When I was about fifteen years old, I was trying to find my way as an artist. The problem was that I had to fulfill the assumptions of the educational system—what they expected from a maturing artist was loyalty—and, in a way, lie to myself, which I didn’t want to and didn’t have to apply, because I didn’t have high ambitions at the time, and I wanted to make art more or less for myself. Then, when I was twenty-three, it finally broke: Communism fell, and I could start, albeit completely over again. I would say that when I go back to the period in which I grew up, the fiction around me inspired me a lot. I started working with children, among other subjects, not because of the concept of innocence—and certainly not because of sentiment—but because, as you perfectly stated: children are relatively unformed. They are the same everywhere. So basically, it’s like a human being who has a pure, primal vision of the world—strong desires, etc. So there’s undoubtedly a reference to my memories of this period, when I was growing up in an Orwellian society.
Rail: That’s very interesting. I wanted to ask you about a piece from 2002 that you made in Prague called Teaching to Walk. How did you come to make this piece?
Ondak: This came from a simple observation of my wife and our son a few years before organizing this as a performance with another mother and her son. I was making sketches of the moment when Adam was less than one year old and was just about to start walking, and needed my wife’s support to take his first steps. And I liked this image, especially as a moment of delegating the potential of walking to someone else—from an adult to a child. So then I ended up making a performance out of it, which seemed absurd, because you can’t ask a child who can’t talk to perform and explain to him that it should be a performance in a public space. But what I like about it is that all these failures and imperfections in the realization of this performance by the child would be accepted—both in everyday life and in the gallery.

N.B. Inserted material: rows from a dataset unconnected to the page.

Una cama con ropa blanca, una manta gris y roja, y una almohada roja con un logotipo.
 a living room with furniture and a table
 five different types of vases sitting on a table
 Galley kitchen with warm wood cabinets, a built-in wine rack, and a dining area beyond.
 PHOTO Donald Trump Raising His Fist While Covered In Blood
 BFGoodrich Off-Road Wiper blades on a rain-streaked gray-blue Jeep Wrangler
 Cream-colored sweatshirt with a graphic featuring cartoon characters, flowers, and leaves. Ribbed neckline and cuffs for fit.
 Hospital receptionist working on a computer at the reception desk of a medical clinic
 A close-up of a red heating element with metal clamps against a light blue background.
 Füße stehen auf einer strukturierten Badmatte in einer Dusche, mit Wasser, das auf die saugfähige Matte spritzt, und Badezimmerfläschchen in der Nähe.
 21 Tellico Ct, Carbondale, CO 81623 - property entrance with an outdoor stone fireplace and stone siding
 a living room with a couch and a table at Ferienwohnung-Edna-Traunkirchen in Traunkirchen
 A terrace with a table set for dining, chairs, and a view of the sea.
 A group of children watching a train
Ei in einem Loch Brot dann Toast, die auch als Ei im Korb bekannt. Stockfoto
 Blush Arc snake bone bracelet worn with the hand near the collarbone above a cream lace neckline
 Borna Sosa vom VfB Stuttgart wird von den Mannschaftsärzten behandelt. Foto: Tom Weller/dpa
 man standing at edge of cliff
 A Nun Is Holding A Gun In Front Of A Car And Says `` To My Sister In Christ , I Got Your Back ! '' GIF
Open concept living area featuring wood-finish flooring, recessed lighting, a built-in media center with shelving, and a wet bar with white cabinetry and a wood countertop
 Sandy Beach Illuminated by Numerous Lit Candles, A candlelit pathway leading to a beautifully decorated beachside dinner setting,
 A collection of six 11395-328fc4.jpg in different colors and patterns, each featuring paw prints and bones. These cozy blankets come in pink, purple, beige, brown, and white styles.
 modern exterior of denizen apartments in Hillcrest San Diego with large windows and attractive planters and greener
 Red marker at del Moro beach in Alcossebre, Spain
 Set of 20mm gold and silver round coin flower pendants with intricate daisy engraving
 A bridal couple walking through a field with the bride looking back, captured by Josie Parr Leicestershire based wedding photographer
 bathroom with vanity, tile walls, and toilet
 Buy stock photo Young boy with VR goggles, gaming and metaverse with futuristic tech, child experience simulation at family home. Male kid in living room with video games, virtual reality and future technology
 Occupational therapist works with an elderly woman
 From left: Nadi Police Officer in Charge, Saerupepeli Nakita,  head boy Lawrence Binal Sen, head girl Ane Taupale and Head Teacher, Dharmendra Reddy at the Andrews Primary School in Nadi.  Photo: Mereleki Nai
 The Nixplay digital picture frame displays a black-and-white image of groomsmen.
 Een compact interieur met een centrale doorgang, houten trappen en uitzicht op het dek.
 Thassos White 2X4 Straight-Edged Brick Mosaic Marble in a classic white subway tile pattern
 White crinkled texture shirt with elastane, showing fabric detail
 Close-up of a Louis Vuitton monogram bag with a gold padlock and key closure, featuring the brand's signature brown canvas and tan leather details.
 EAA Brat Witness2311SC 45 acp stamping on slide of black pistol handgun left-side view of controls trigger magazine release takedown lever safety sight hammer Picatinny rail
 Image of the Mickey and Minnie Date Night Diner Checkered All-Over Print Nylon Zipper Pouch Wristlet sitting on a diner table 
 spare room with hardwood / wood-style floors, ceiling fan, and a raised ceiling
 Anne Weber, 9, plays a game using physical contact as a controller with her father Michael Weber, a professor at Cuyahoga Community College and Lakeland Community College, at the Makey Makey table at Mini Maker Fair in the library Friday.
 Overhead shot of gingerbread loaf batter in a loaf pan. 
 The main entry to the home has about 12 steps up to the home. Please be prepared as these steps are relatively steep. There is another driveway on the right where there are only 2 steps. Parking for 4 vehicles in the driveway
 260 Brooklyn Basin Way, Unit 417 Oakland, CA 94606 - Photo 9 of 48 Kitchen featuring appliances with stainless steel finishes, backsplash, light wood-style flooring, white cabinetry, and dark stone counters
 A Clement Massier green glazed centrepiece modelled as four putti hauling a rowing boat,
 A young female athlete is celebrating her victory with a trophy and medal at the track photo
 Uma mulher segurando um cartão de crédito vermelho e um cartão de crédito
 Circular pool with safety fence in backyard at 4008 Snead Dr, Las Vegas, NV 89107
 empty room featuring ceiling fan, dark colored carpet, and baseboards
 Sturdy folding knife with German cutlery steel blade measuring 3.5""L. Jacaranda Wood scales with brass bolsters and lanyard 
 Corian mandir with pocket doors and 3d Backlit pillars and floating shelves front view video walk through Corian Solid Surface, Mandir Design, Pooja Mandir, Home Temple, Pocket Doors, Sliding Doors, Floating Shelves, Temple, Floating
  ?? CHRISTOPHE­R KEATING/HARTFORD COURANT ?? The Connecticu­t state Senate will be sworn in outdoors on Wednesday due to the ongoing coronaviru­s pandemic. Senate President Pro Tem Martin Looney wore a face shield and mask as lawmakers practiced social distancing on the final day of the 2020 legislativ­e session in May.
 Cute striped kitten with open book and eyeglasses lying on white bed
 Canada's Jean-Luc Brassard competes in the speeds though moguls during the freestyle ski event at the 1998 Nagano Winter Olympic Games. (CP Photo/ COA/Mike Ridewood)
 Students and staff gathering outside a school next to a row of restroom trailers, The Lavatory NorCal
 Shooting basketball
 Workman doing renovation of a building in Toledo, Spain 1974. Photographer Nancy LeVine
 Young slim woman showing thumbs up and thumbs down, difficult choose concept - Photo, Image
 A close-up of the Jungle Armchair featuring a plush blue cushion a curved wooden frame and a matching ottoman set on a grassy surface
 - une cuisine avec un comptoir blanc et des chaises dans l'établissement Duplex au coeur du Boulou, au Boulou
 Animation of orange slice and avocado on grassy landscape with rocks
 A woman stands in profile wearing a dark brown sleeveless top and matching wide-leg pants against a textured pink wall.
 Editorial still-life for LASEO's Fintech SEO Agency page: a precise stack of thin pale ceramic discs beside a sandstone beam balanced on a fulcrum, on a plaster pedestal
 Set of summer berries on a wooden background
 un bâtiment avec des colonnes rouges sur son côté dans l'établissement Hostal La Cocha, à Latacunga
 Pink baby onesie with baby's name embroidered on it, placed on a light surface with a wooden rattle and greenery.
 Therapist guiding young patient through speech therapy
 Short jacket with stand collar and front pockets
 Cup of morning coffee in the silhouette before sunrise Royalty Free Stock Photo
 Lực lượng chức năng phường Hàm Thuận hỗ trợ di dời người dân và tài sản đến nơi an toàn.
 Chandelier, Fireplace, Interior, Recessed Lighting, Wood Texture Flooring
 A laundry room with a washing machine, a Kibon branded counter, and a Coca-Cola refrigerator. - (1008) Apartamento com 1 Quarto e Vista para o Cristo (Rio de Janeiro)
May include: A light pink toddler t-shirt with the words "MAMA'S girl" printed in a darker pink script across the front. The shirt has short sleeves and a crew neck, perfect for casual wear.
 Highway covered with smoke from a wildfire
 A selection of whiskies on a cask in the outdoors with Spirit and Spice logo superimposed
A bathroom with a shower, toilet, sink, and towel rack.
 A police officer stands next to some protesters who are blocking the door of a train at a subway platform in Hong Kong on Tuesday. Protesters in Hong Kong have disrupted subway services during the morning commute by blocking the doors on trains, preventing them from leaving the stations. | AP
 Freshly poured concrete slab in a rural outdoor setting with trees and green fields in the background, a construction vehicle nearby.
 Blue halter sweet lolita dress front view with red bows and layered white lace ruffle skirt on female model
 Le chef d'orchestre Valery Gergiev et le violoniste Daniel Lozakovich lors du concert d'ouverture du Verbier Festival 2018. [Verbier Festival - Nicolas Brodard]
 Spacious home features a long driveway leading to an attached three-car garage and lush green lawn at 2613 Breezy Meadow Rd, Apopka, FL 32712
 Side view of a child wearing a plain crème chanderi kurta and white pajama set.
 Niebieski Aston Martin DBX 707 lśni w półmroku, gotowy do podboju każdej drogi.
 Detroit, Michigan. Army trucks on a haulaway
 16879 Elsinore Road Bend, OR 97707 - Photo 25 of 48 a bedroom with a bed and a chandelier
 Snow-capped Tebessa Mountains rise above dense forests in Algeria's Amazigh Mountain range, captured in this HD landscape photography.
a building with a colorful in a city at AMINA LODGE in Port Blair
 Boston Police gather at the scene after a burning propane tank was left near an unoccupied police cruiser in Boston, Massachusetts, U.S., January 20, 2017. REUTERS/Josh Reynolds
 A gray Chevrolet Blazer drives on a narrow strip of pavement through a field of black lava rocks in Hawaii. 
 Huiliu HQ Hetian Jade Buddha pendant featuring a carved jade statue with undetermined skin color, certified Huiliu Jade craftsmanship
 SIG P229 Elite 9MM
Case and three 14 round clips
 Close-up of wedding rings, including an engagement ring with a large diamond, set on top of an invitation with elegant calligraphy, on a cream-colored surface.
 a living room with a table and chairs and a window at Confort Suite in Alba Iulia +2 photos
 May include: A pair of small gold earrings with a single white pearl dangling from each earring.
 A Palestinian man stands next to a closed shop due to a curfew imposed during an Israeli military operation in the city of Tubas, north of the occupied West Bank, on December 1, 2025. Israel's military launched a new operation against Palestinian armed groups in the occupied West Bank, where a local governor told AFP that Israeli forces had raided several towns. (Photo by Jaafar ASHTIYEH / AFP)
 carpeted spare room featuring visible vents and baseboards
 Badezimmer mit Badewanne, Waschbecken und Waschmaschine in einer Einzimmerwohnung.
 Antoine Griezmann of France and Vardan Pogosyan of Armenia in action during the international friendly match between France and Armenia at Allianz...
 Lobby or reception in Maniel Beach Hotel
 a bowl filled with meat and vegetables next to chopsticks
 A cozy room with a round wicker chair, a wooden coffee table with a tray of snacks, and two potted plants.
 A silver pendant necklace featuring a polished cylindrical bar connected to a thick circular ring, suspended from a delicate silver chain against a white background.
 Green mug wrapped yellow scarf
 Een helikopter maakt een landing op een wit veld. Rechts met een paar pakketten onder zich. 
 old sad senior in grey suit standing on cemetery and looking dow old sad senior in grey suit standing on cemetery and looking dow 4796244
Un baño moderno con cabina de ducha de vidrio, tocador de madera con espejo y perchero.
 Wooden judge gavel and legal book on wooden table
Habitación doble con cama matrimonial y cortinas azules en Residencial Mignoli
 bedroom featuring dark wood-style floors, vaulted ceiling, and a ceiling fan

For its execution at the gallery, it’s crucial that it repeats on a daily basis. It wasn’t a one-time event, but it became a recurring moment. There was then also a change in the child’s behavior that actually happened during the exhibition. So, over the course of about a month and a half, the child’s walking improved—or, he actually started walking on his own by the exhibition’s ending. This moment of learning to walk is very short, and the transformation is very rapid.
Rail: That’s an extraordinary moment to be able to point to in your work, and it’s not something you have to invent. It’s something you simply show. Yes, maybe it’s something that is not given the importance that it deserves because it’s such a normal part of life. And so you organize people to do ordinary things as an artwork. And this—I’m going to say—is not inventing something; it’s moving something into view. I’ll mention Good Feelings in Good Times from 2003, where you employed a group of people to stand in a line outside the Kölnischer Kunstverein in Cologne. This is an everyday experience, but it was something that you made happen. A line may be culturally defined, or where the line is geographically would mean something different. And the way people react to a line—they presume, “Oh, interesting, there’s something happening in there.”
Ondak: Yes, indeed. Or it’s frustrating because you have to wait. That was the sense of the title. But the title referred to my memories of the endless lines from the seventies in my country, where you basically had to stand in line for anything. In scarcity, people were used to waiting without complaining, because it was just a matter of everyday habit, and that’s why I invented this ambiguous title. “Good feelings in good times” reverses the feeling from the Communist times, where you would say, “good feelings in bad times.” So, good feelings were about the ability to buy something, even if the times were bad.
The absurdity of this artwork remains the same. The lines in the seventies were actually a typical conclusion of the anticipated failure of an autocratic system, because there were not enough goods to buy. And so I’d play this game in my performance with reality and fiction, by stating that my line isn’t real, but it is staged out of memory, and when integrated into the exhibition context, it becomes real again—especially if the audience considers it real to join in. So creating this fictional moment also becomes part of the work, emphasizing that a certain point could be a point of interest or could be a place to follow, but at the same time confusing the audience very lightly to make them question: is this an artwork?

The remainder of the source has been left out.